Please reproduce all of the data below exactly, leaving each picture out.

Captioned web image data
·····
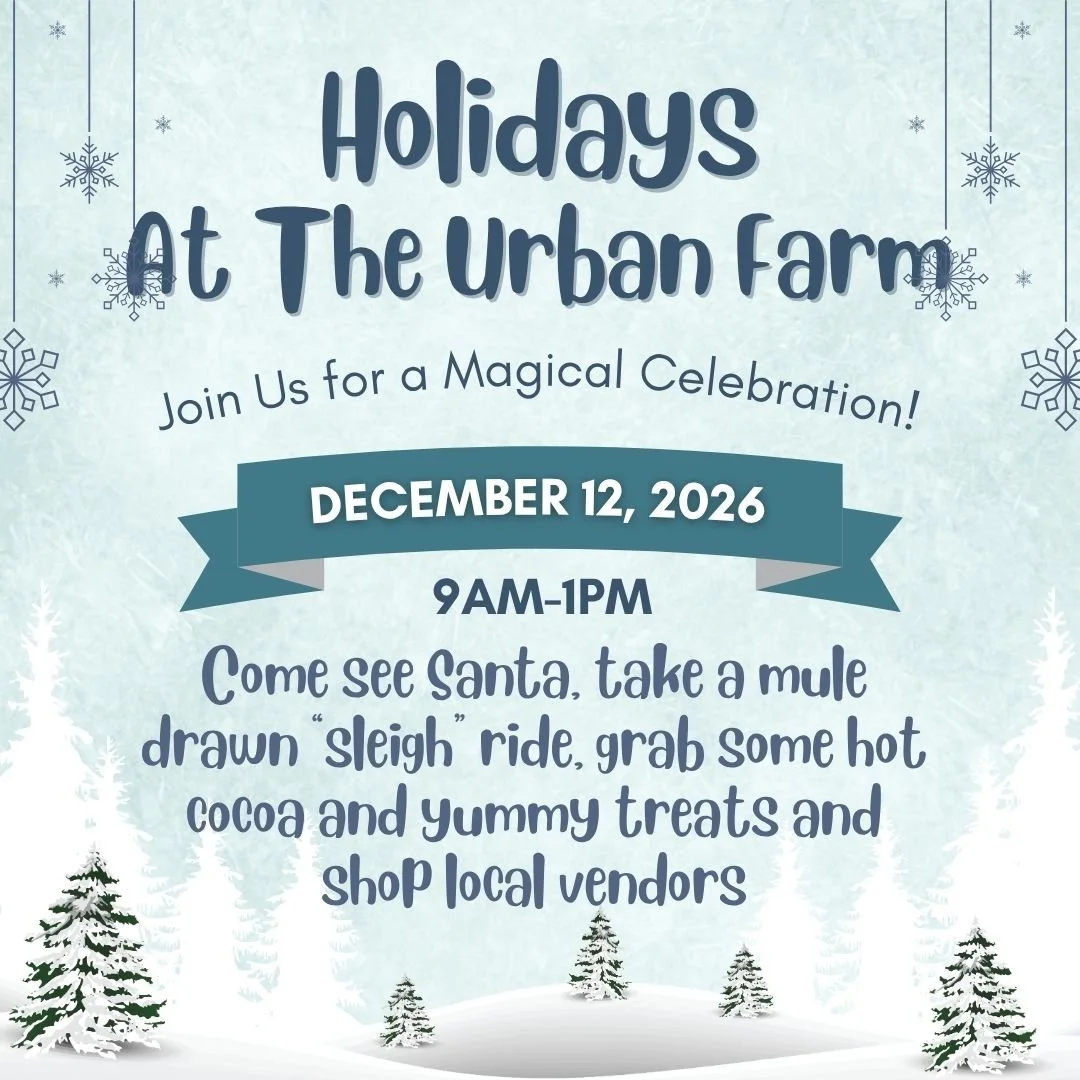 Holidays at the Farm 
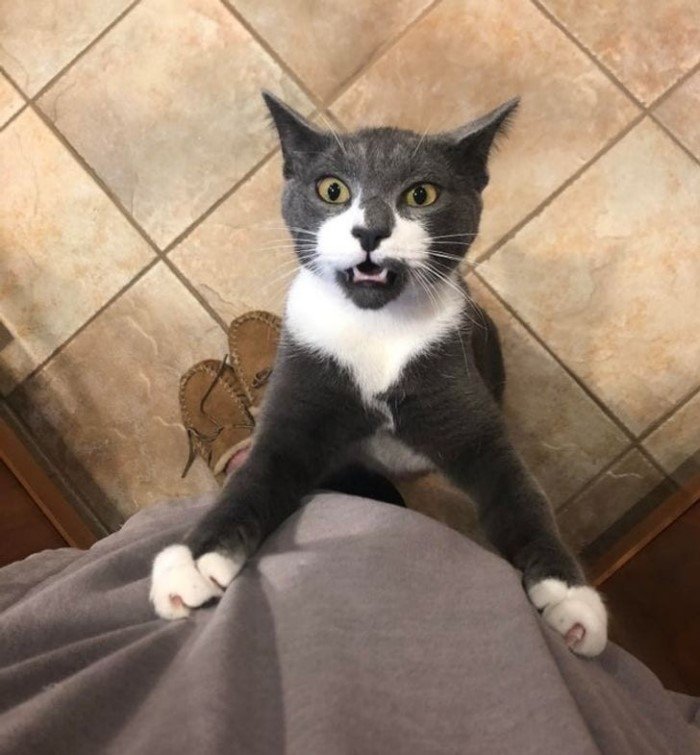 ������ ��������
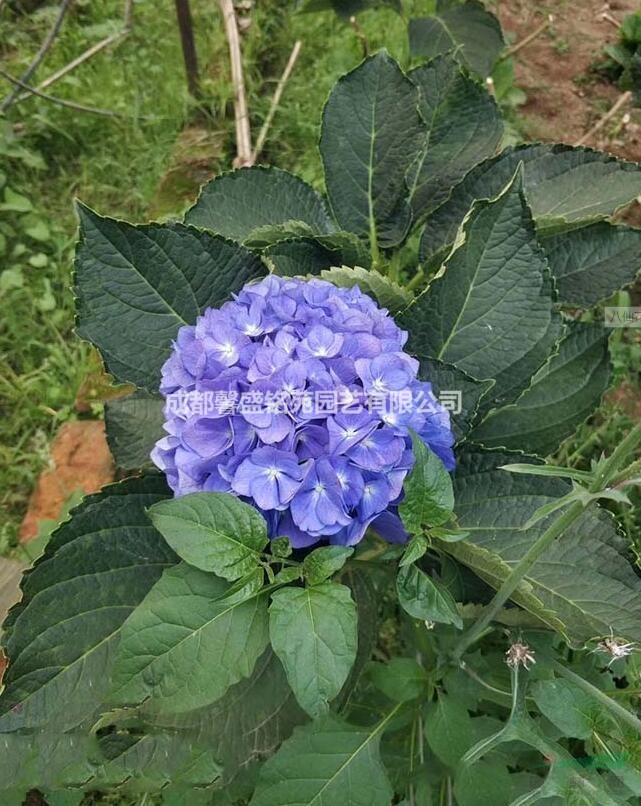 成都八仙花基地 四川八仙花圖片/成都八仙花基地 四川八仙花報(bào)價(jià)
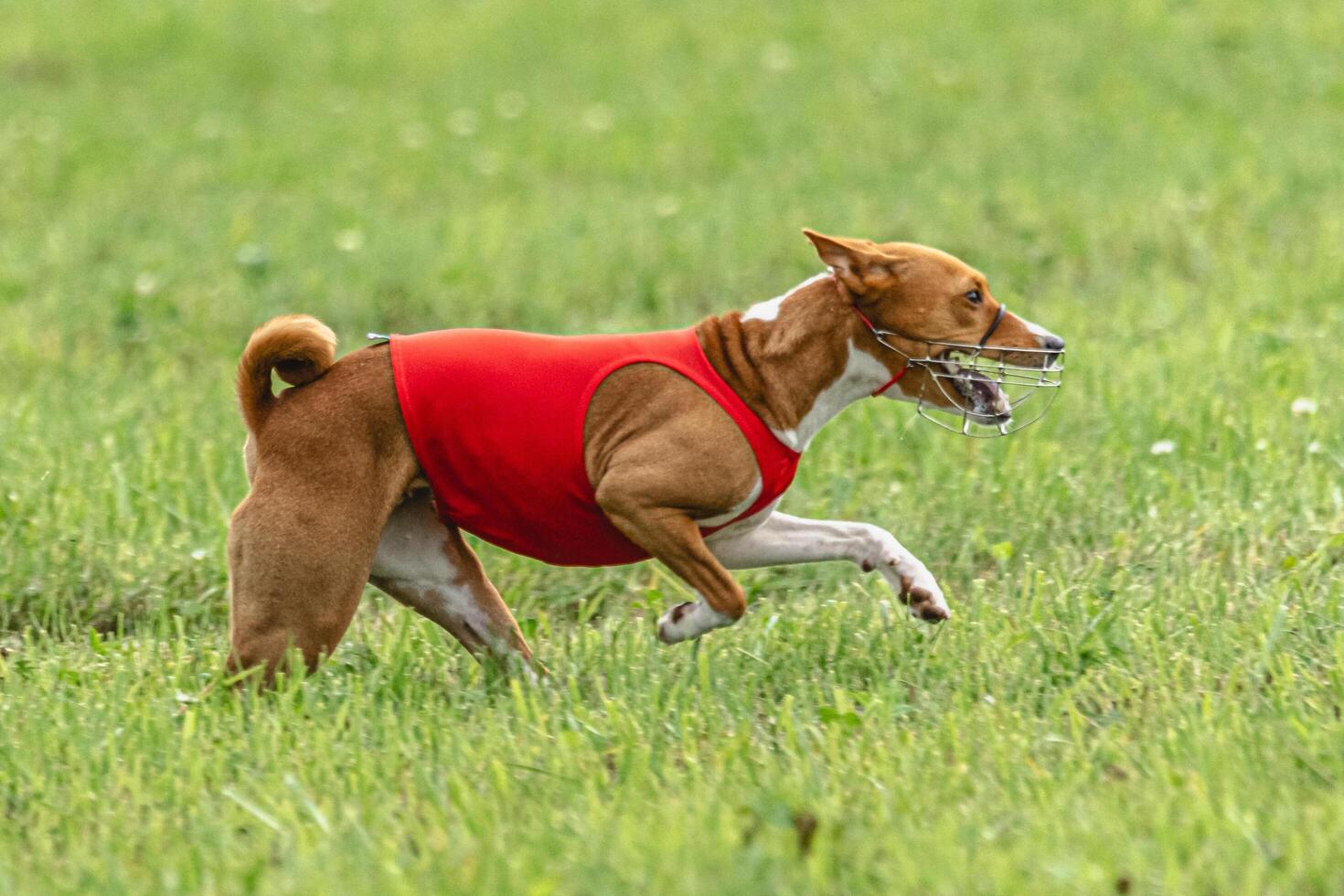 Basenji dog lifted off the ground during the dog race competition photo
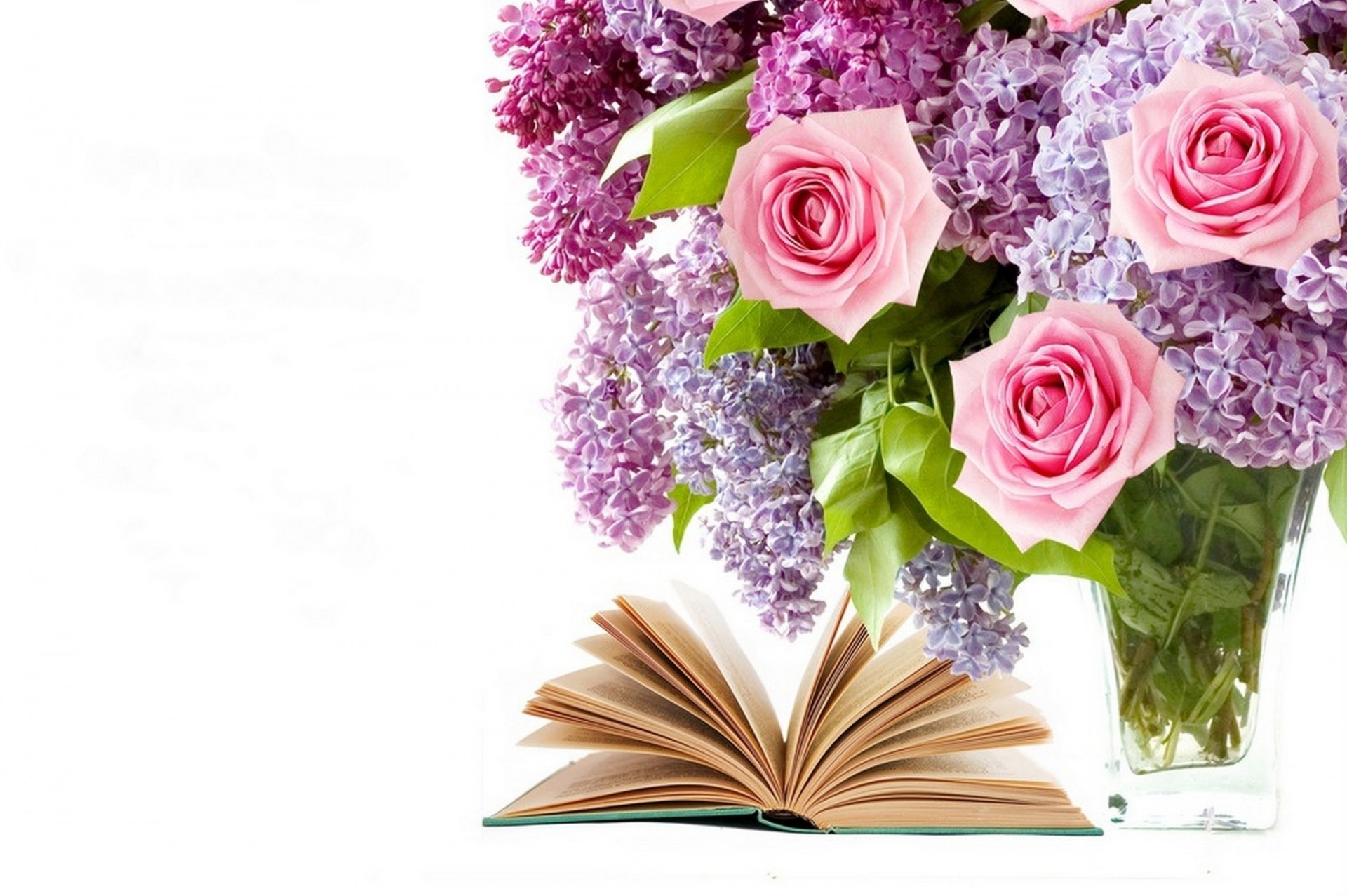 rose bouquet fiori libro lilla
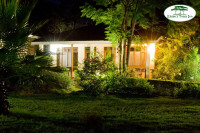 Eileen's Trees Inn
·····
[Written response]
 Holidays at the Farm 
 ������ ��������
 成都八仙花基地 四川八仙花圖片/成都八仙花基地 四川八仙花報(bào)價(jià)
 Basenji dog lifted off the ground during the dog race competition photo
 rose bouquet fiori libro lilla
 Eileen's Trees Inn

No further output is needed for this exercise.